Overall, this has economists optimistic about the possibility of a “soft landing” for the U.S. economy, following a period of higher interest rates and inflation. But the news could provide false hope for the construction industry, some experts suggest, as a labor shortage is set to worsen as the economy improves and sales for single-family housing pick up.

In construction, job openings decreased by 4,000 in October but remain up by 25,000 on a year-over-year basis, say officials for Associated Builders and Contractors (ABC). Meanwhile, some experts predict single-family construction could increase by as much as 9% next year.

While the labor shortage for builders improved slightly during late 2022 and at the start of 2023, “It wasn’t because we solved the issue,” Robert Dietz, chief economist for the National Association of Home Builders (NAHB), tells [DWM]. “It was just due simply to the fact that we have a smaller number of single-family homes under construction and the nonresidential construction sector slowed.”

The number of job openings in construction “fell into the low 300,000 range,” Dietz says, below its peak at 500,000. “My expectation is that number is going to go back up again, given our forecasts of single-family starts increasing,” he adds. “As the number of single-family homes actively under construction increases in 2024, the shortage of construction workers is going to tighten up. So it’s by no means eased. It’s just gotten a little bit cooler from really tight conditions.”

Other figures suggest that workers are at least staying put. Over the course of October, the number of total separations in the U.S. (including quits, layoffs and discharges) changed little, at 5.6 million. The rate of separations was unchanged at 3.6% for the fifth consecutive month.

At the same time, “While labor market tightness is easing across all economic segments, worker scarcity remains a pressing issue for the construction industry,” says ABC chief economist Anirban Basu. “On the last day of October, 5% of construction positions were unfilled, which is well above the 3.9% industry job opening rate observed in February 2020.”

According to ABC’s research, nearly half of contractors say they intend to increase staffing levels over the next six months.
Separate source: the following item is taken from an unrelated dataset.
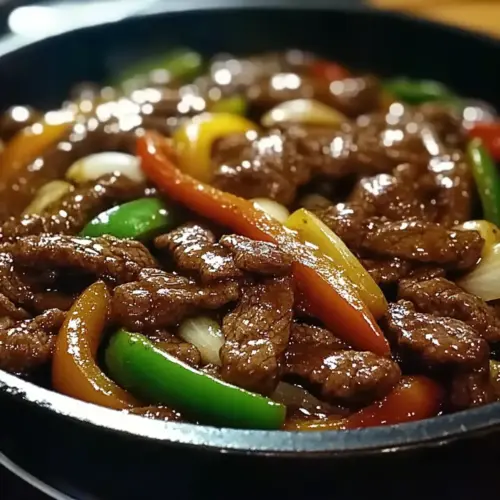 Sizzling Chinese Pepper Steak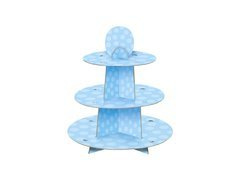 Suport platou cofetărie albastru - 1 buc.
By the same token, “The lack of available workers will remain a headwind for the construction industry over the next several quarters,” Basu says—a headwind that will trickle down into the ongoing issue of affordability, Dietz adds.

Even with positive gains in the overall jobs market, the construction sector continues to clamor for labor, Dietz says. With around a 3.5-million-unit deficit in the market for new single-family homes and labor remaining scarce, “It’s going to be hard to make real inroads on the affordability issue, at least in 2024,” he says.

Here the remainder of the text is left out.